**** Supplied data

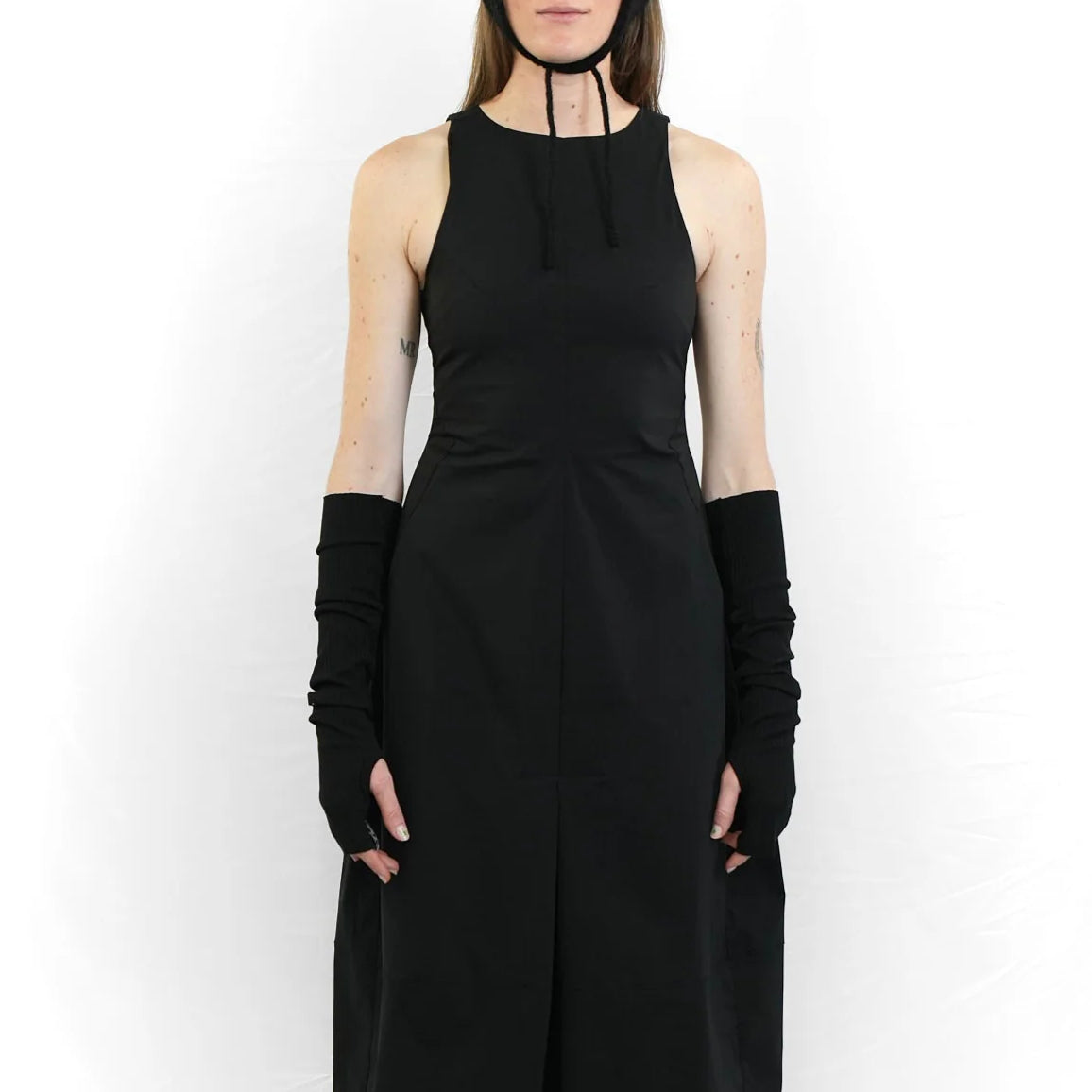 Black sleeveless flared dress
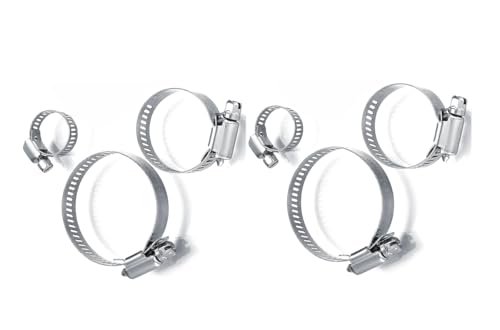 Hose Clamps Assortment 6-Pack – Zinc-Plated Steel, 2 Each: 3/4", 1-1/4", 2" – Adjustable, Durable, Rust-Proof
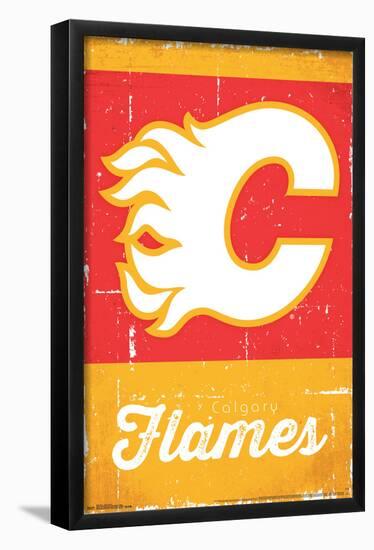 NHL Calgary Flames - Retro Logo 13-Trends International-Framed Poster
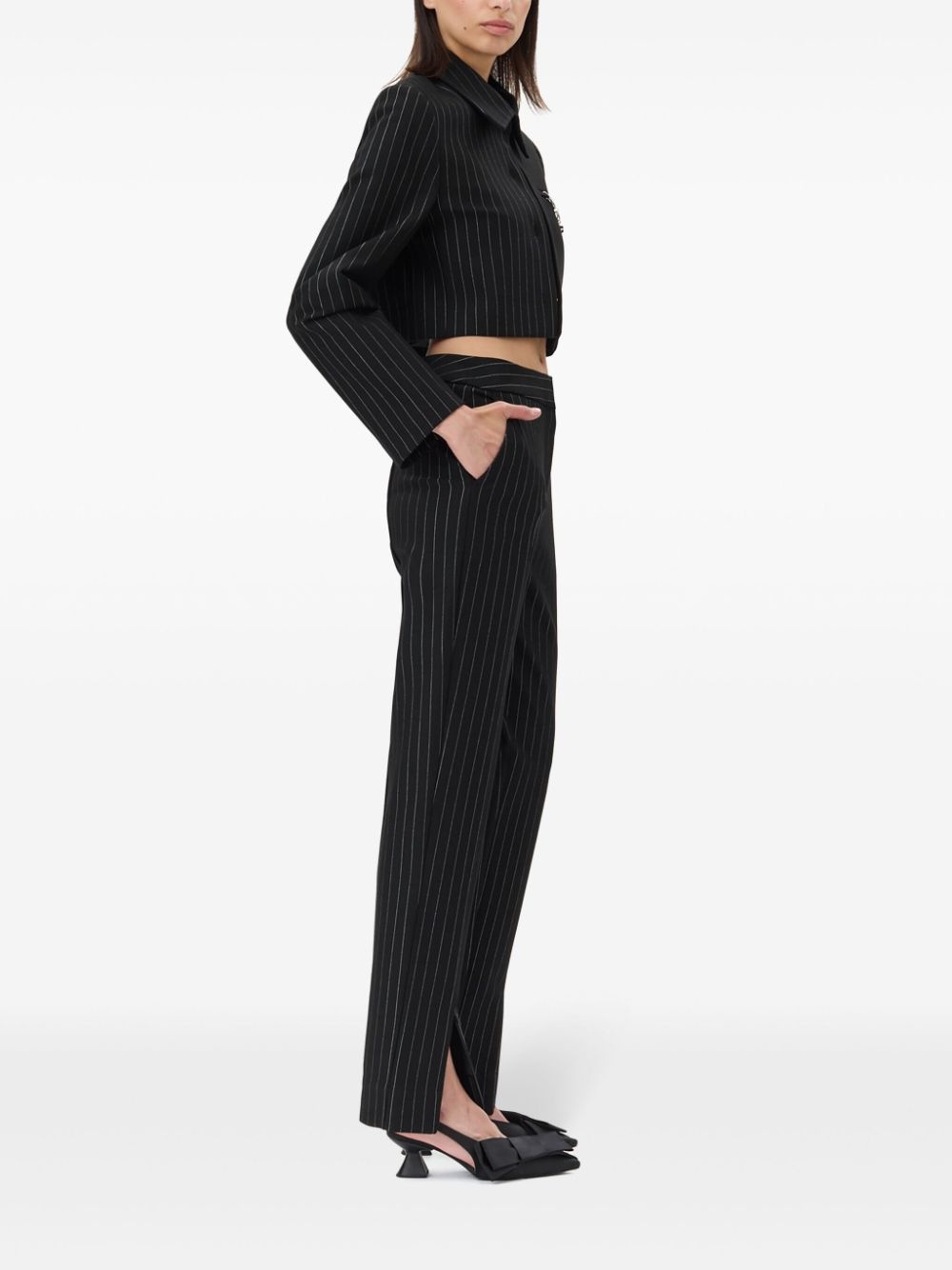 striped cropped blazer - 3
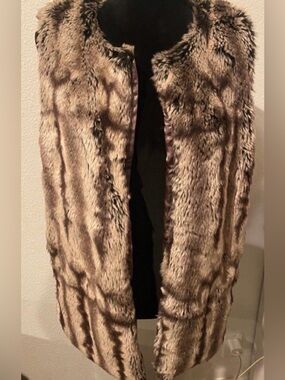 Women’s Faux Fur Open Vest in Mixed Brown (Size S)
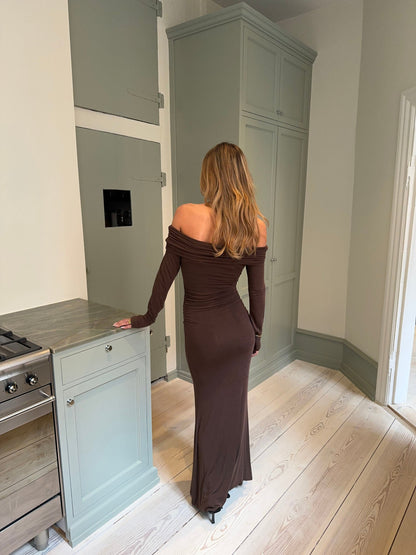 Nitta off shoulder maxi dress - Brown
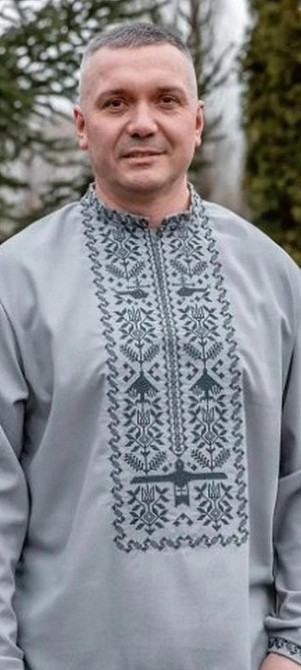 Вишиванка чоловіча лляна, довгий рукав, сіра, топ 62 Київ - фото 1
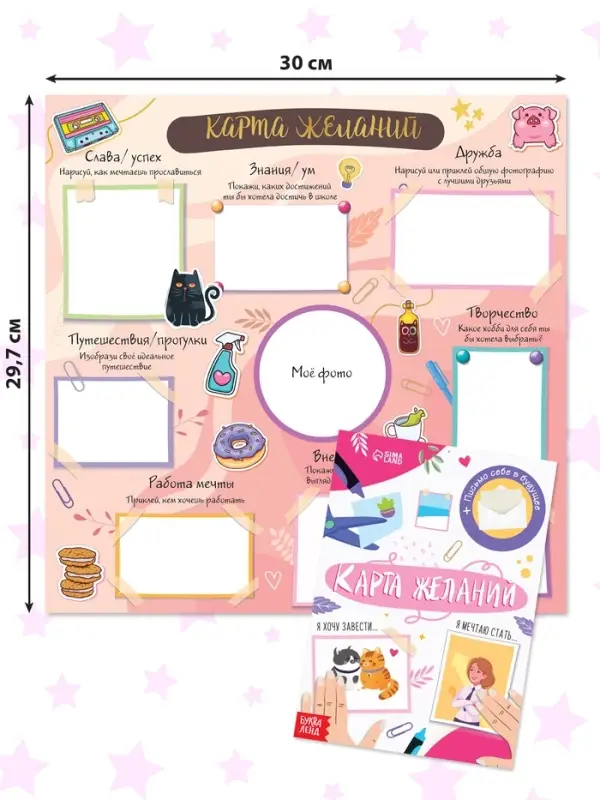Подарочный набор современной девчонки: 6 книг, карта желаний, письмо, наклейки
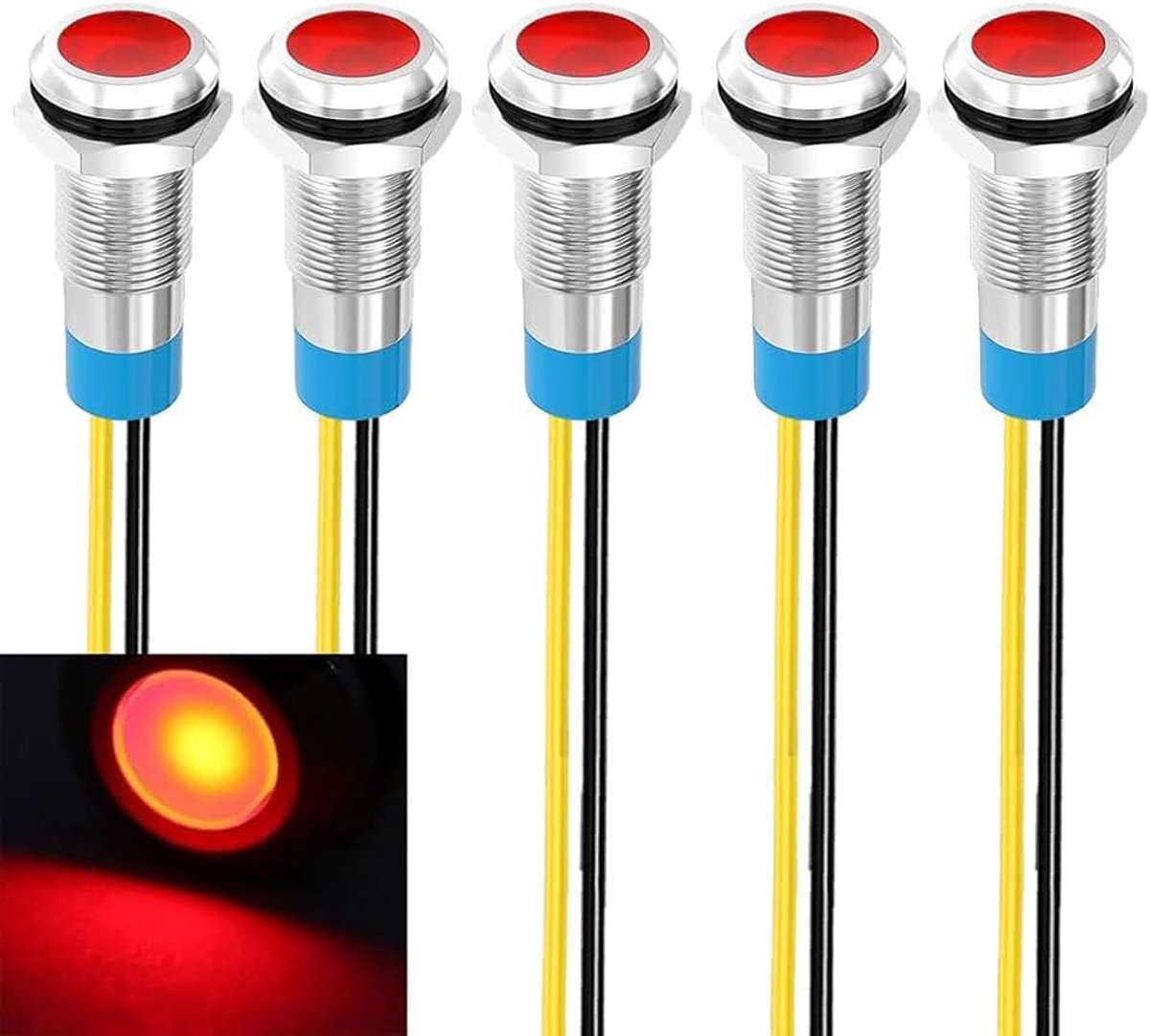 5 stuks 8mm 230V AC LED Metalen Indicatielampje Waterdichte Signaallamp (Rood)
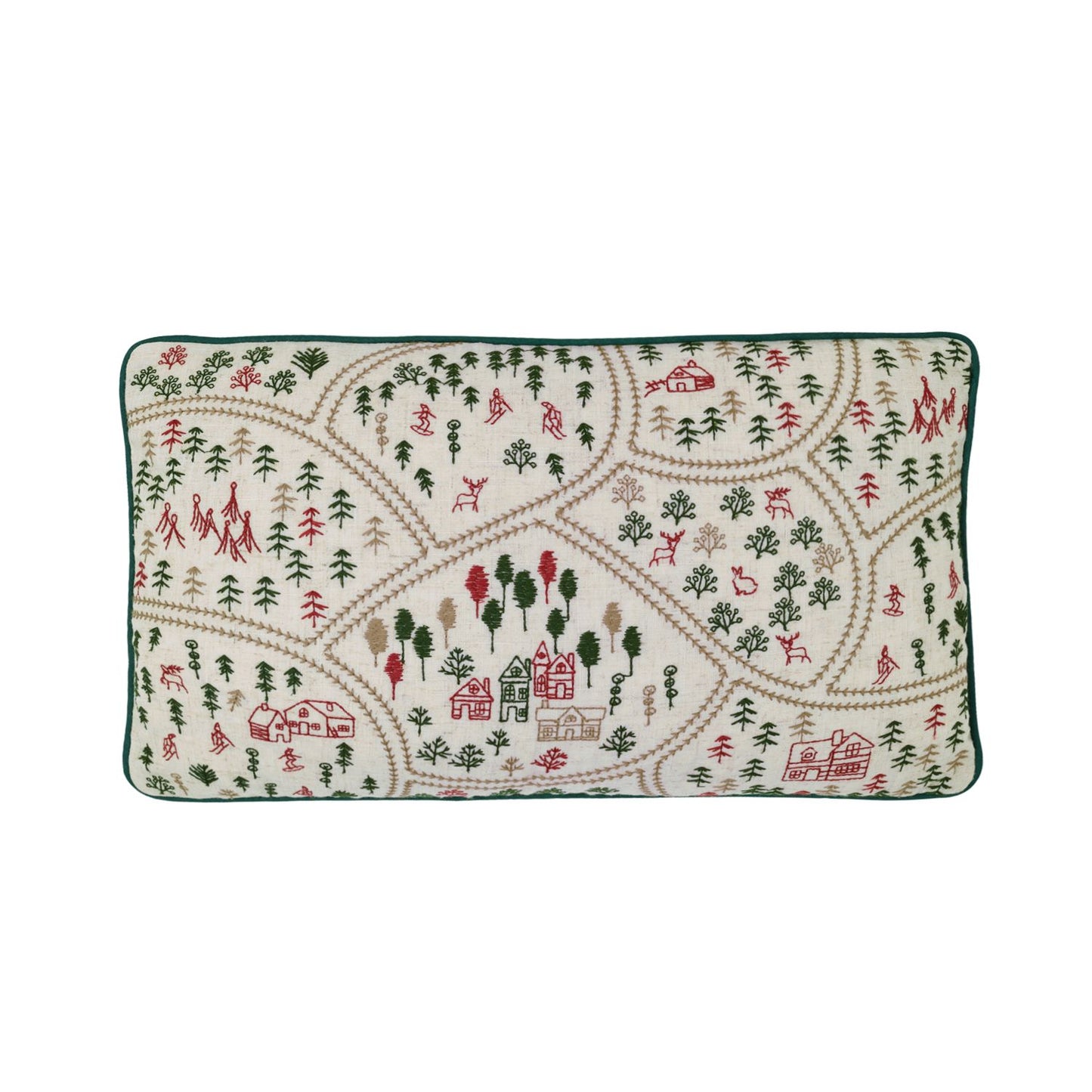 Catherine Lansfield Christmas Ski Village Embroidered Cushion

********

*Goal of the exercise*
Would you return all of the data above word for word, omitting every picture?

*Written solution*
 Black sleeveless flared dress
 Hose Clamps Assortment 6-Pack – Zinc-Plated Steel, 2 Each: 3/4", 1-1/4", 2" – Adjustable, Durable, Rust-Proof
 NHL Calgary Flames - Retro Logo 13-Trends International-Framed Poster
 striped cropped blazer - 3
 Women’s Faux Fur Open Vest in Mixed Brown (Size S)
 Nitta off shoulder maxi dress - Brown
 Вишиванка чоловіча лляна, довгий рукав, сіра, топ 62 Київ - фото 1
Подарочный набор современной девчонки: 6 книг, карта желаний, письмо, наклейки
 5 stuks 8mm 230V AC LED Metalen Indicatielampje Waterdichte Signaallamp (Rood)
 Catherine Lansfield Christmas Ski Village Embroidered Cushion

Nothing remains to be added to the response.